On January 5, 2021, the U.S. Army Corps of Engineers (the Corps) released the final version of a rule revamping certain nationwide permits (NWPs) under the Clean Water Act (CWA). The CWA authorizes the Corps to issue general permits authorizing categories of activities that have minimal individual and cumulative adverse environmental effects. These permits remain in effect for no more than five years, at which point the Corps must renew the permits.

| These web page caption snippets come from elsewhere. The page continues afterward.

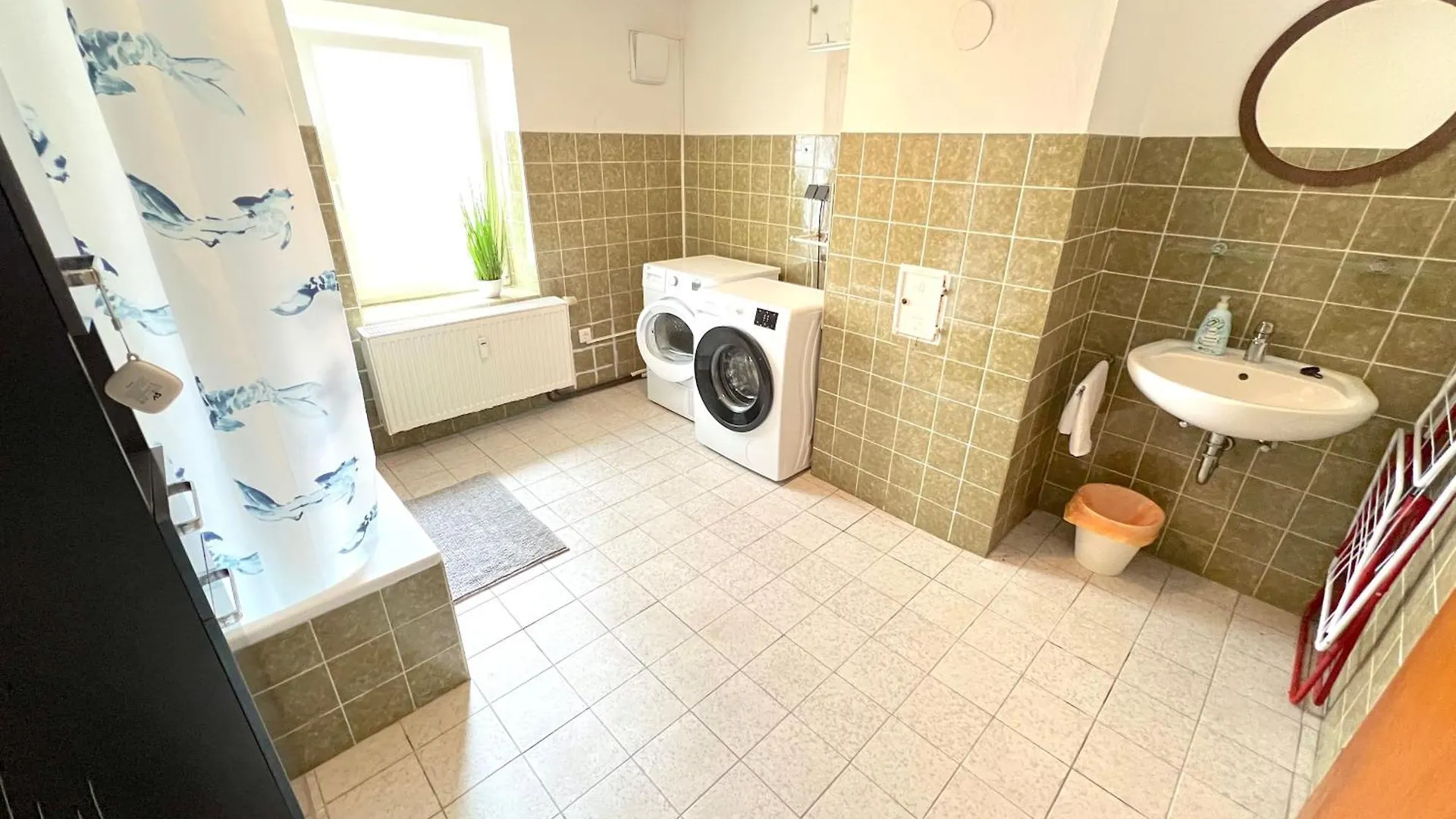 II Apartment 6 Personen - Monteurzimmer - Ferienwohnung - Grosskoellnbach Pilsting
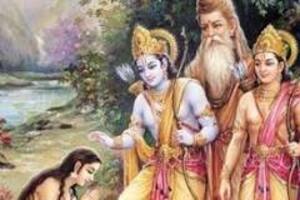 the Ramayana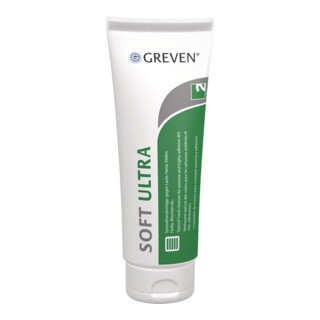 Spezialhandreinigung GREVEN SOFT ULTRA 250 ml rückfettend IVRAXO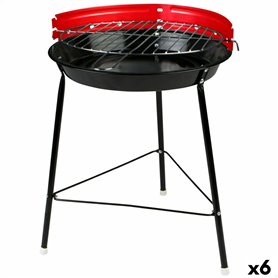 Barbecue Portable Aktive Rouge 37 x 44 x 33 cm Plastique Fer 219,99 €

This rule reissues and modifies 12 nationwide permits (NWPs) and issues four new NWPs. Of these 16 NWPs, the most impactful changes are to NWP 12.

NWP 12 controversy

Until this new rule, NWP 12 applied to “activities required for the construction, maintenance, repair, and removal of utility lines and associated facilities in waters of the United States.” The Permit defined a “utility line” as “any pipe or pipeline for the transportation of any gaseous, liquid, liquescent, or slurry substance for any purpose, and any cable, line, or wire for the transmission of any purpose of electrical energy, telephone, and telegraph messages, and internet, radio, and television communication.” Under NWP 12, utility line projects that meet certain requirements may proceed with no individual review and minimal delay, provided that the conditions of the nationwide permit are met.

NWP 12 has been at the center of some controversy since a Montana federal judge vacated the NWP in an order issued April 15, 2020. In May, the same judge narrowed the ruling to apply only to oil and gas pipeline projects. Finally, in July, the U.S. Supreme Court further limited the ruling to only apply to the specific pipeline at issue in that case.

Changes to NWP 12

The rule splits NWP 12—previously covering all “utility line activities”—into three parts based on the utility type. NWP 12 will continue to authorize oil and gas pipelines. New NWP 57 will authorize electric utility line and telecommunications, and NWP 58 will serve utility line activities for water and other substances.

The rule also modifies NWP 12 by removing pre-construction notification (PCN) requirements for:

  1. activities involving mechanized land clearing in a forested wetland for the utility line right-of-way;
  2. utility lines in waters of the United States (WOTUS), excluding overhead lines, that exceed 500 feet;
  3. utility lines placed within a jurisdictional area (i.e., WOTUS) that run parallel to or along a stream bed that is within the jurisdictional area;
  4. permanent access roads constructed above grade in WOTUS for a distance of more than 500 feet; or
  5. permanent access roads constructed in WOTUS with impervious materials.

The new rule adds a PCN for new oil or natural gas pipelines more than 250 miles in length.

Response to the NWP 12 changes

Environmental groups have continually opposed the new rule regarding NWPs. In particular, they argue that it gives developers and oil drillers the “green light to destroy or pollute streams and wetlands.” Additionally, they contend that the changes “lack scientific or legal justification and threaten important waterways.”

With the administration change, it is uncertain whether this rule will remain in effect. In its August 2020 proposal for the rule, the Corps cited President Trump’s March 2017 executive order directing agencies to review regulations that could be burdening energy production. Environmental groups are hopeful that the Biden administration will quickly undo the changes brought by this rule.